[Given information — start]
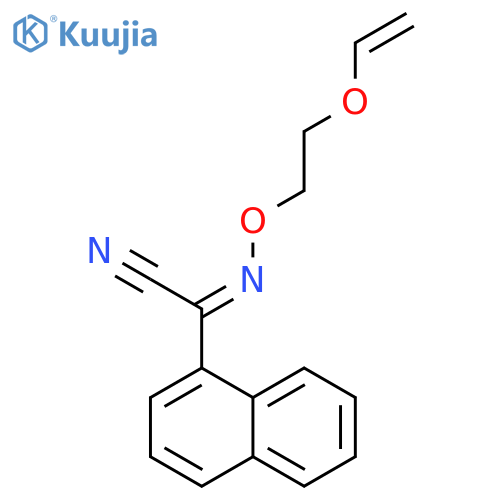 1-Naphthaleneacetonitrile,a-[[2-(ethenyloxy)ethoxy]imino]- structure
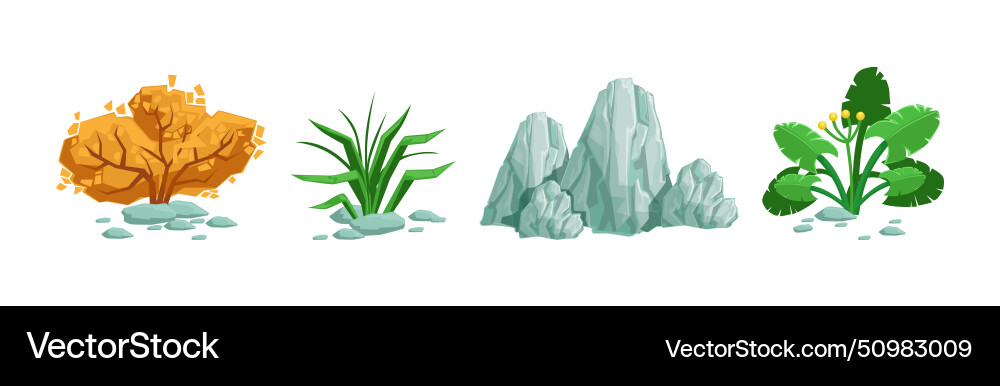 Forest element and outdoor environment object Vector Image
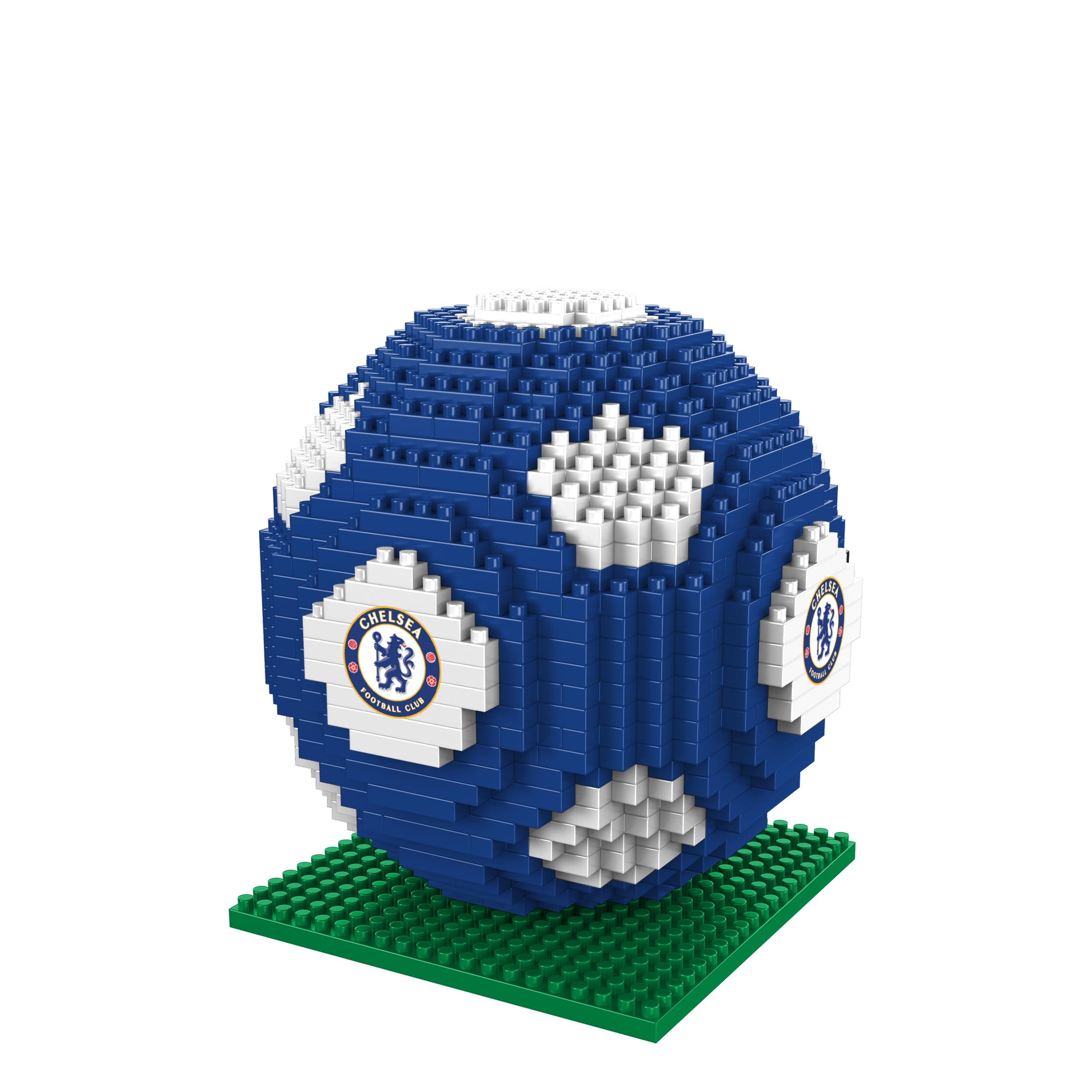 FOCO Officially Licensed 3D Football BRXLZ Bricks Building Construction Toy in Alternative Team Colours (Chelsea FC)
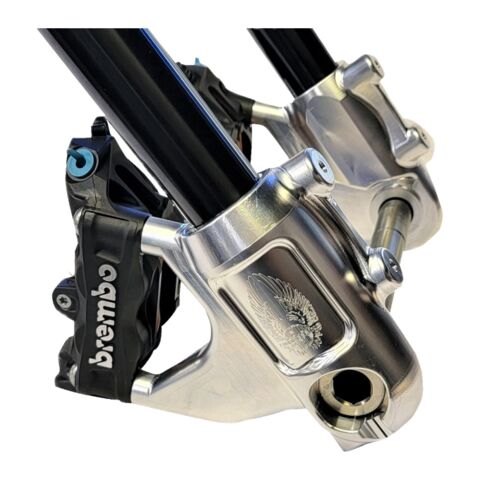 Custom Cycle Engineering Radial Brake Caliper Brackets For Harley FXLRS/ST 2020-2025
[Given information — finish]
[Given information — start]
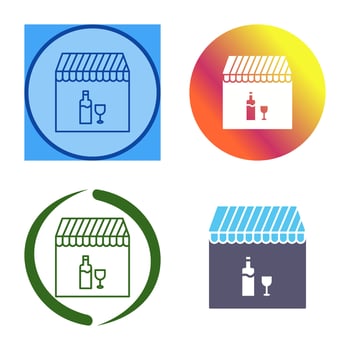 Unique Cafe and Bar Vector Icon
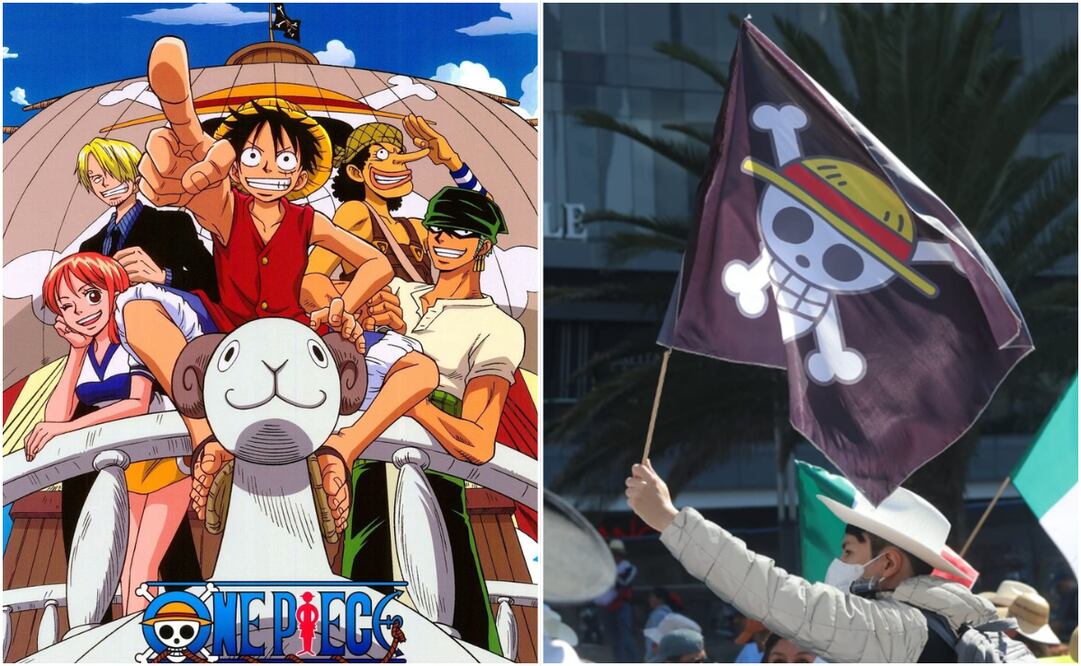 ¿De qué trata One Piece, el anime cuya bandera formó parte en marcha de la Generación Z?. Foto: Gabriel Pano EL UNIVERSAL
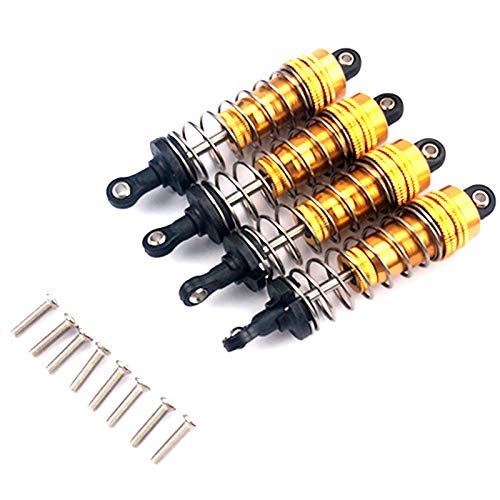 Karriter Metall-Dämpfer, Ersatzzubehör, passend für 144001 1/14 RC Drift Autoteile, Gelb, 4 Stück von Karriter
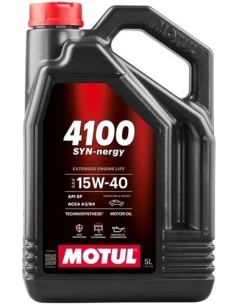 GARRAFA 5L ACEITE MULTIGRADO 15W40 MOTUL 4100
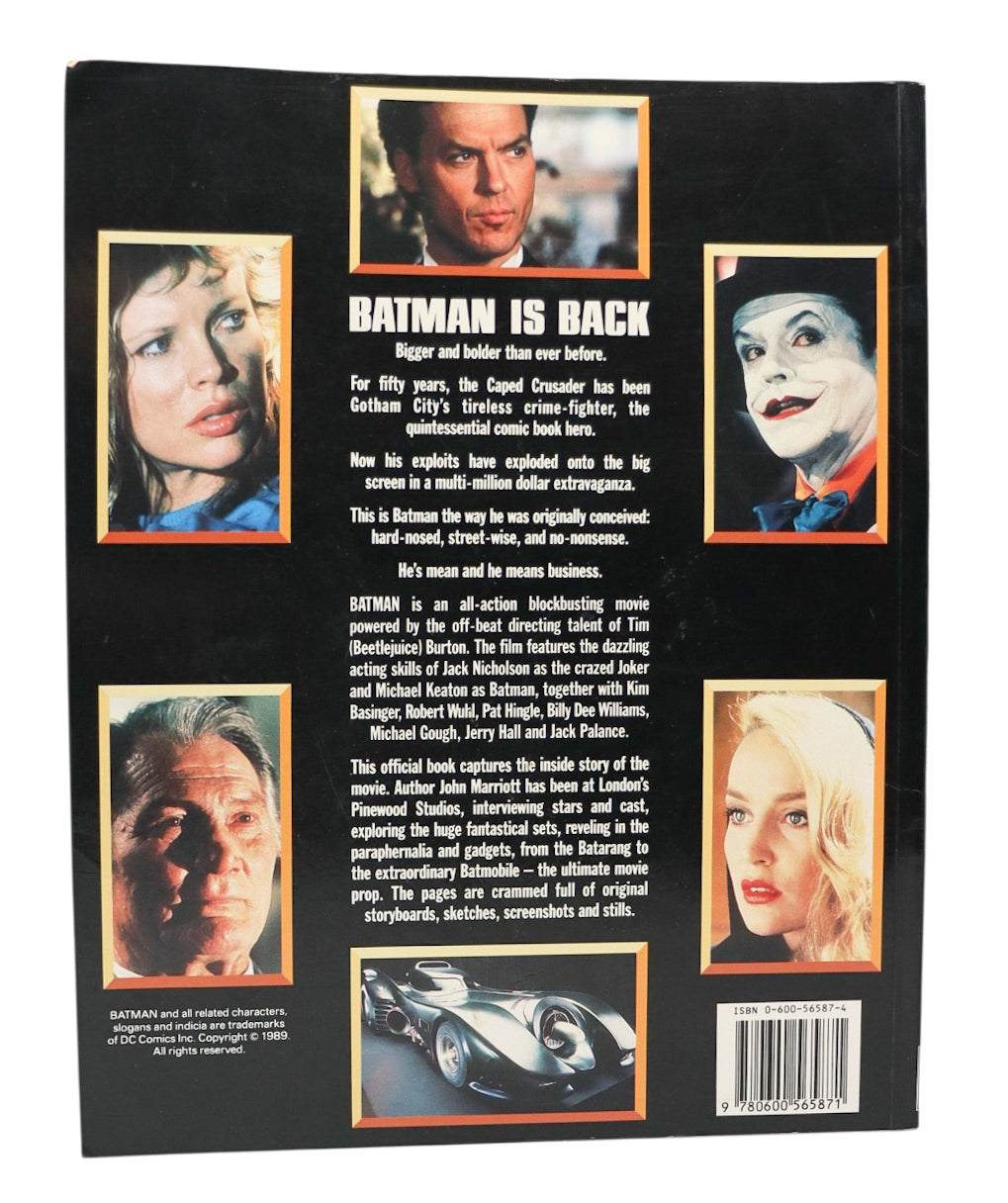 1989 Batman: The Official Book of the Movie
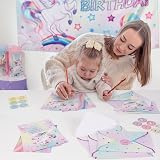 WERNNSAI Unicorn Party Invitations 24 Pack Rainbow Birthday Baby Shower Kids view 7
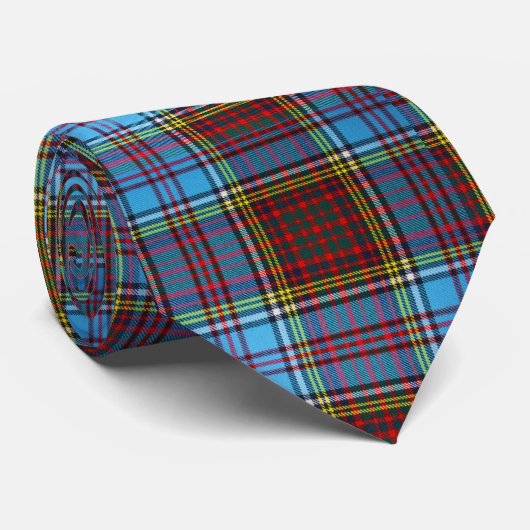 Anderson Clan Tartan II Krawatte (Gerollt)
[Given information — finish]
[Given information — start]
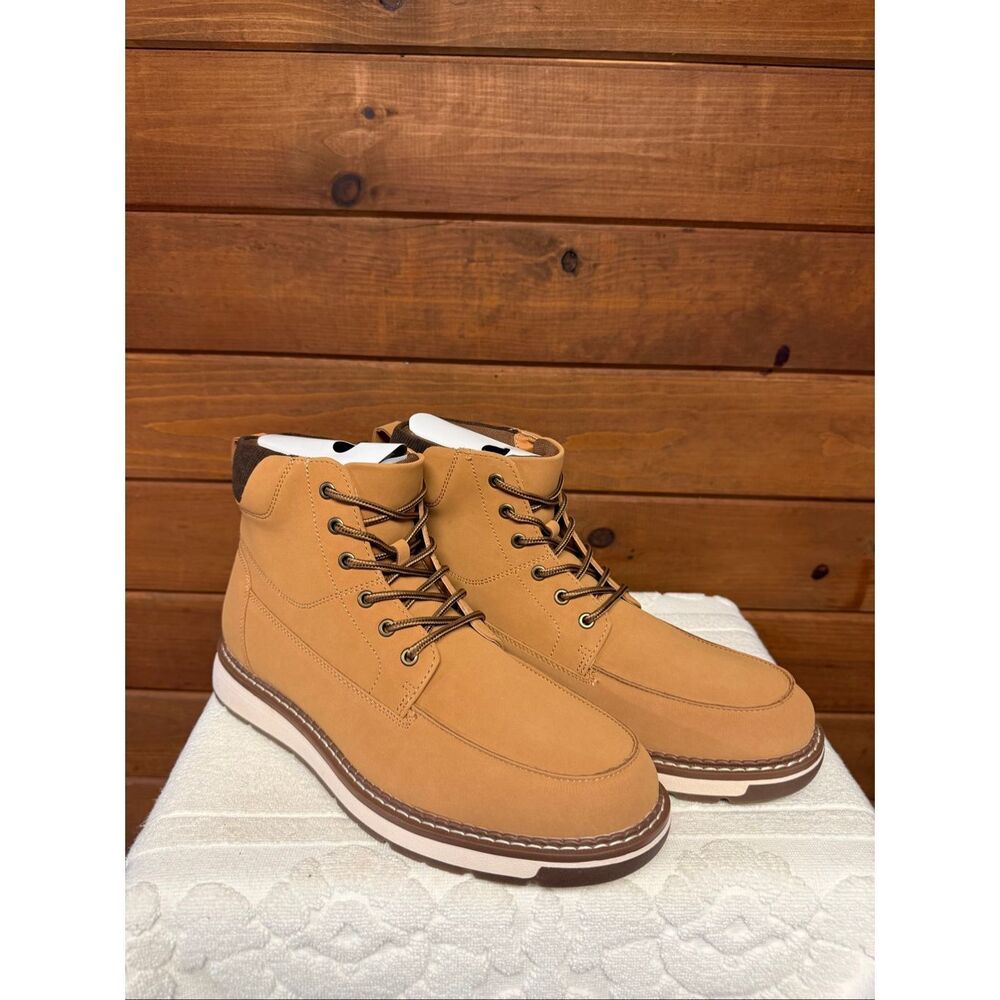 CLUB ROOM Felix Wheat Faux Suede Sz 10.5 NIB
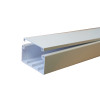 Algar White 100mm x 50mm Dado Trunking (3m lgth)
[Given information — finish]
■ Exercise brief
Once the line with "Unique Cafe and Bar Vector Icon" is found above, transcribe each line from it through the line with "GARRAFA 5L ACEITE", exactly, and omit the pictures.

■ Task solution
 Unique Cafe and Bar Vector Icon
 ¿De qué trata One Piece, el anime cuya bandera formó parte en marcha de la Generación Z?. Foto: Gabriel Pano EL UNIVERSAL
 Karriter Metall-Dämpfer, Ersatzzubehör, passend für 144001 1/14 RC Drift Autoteile, Gelb, 4 Stück von Karriter
 GARRAFA 5L ACEITE MULTIGRADO 15W40 MOTUL 4100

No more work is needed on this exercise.